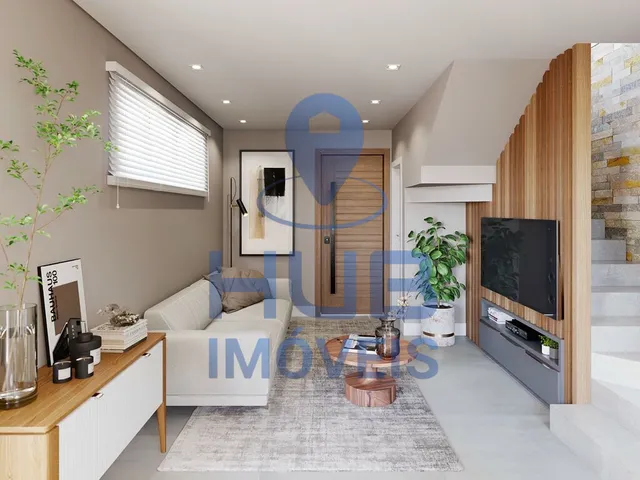 Imagem 4: Casa 3 Dormitórios para venda em Florianópolis - SC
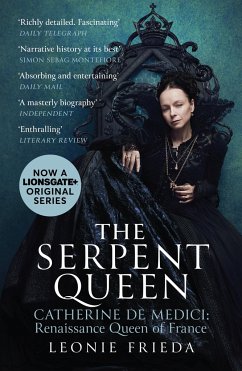 The Serpent Queen - Frieda, Leonie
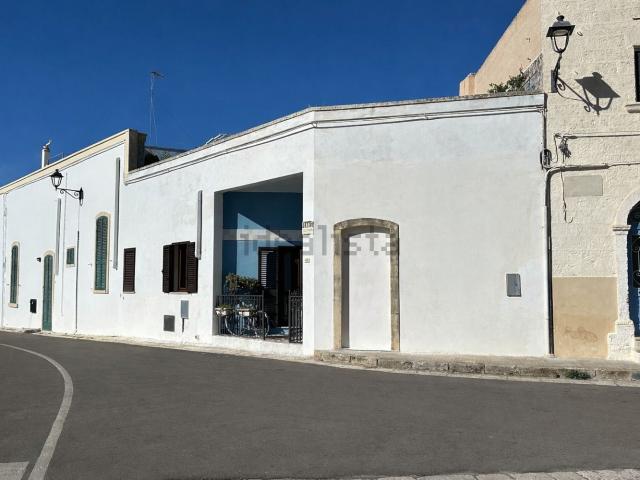 Villetta indipendente in vendita di 110 m² in Piazza Francesco de Viti, 41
== == ==
** WHAT TO DO **
Everything in the listing should be copied exactly, apart from the images it holds.

** PROBLEM SOLUTION **
 Imagem 4: Casa 3 Dormitórios para venda em Florianópolis - SC
 The Serpent Queen - Frieda, Leonie
 Villetta indipendente in vendita di 110 m² in Piazza Francesco de Viti, 41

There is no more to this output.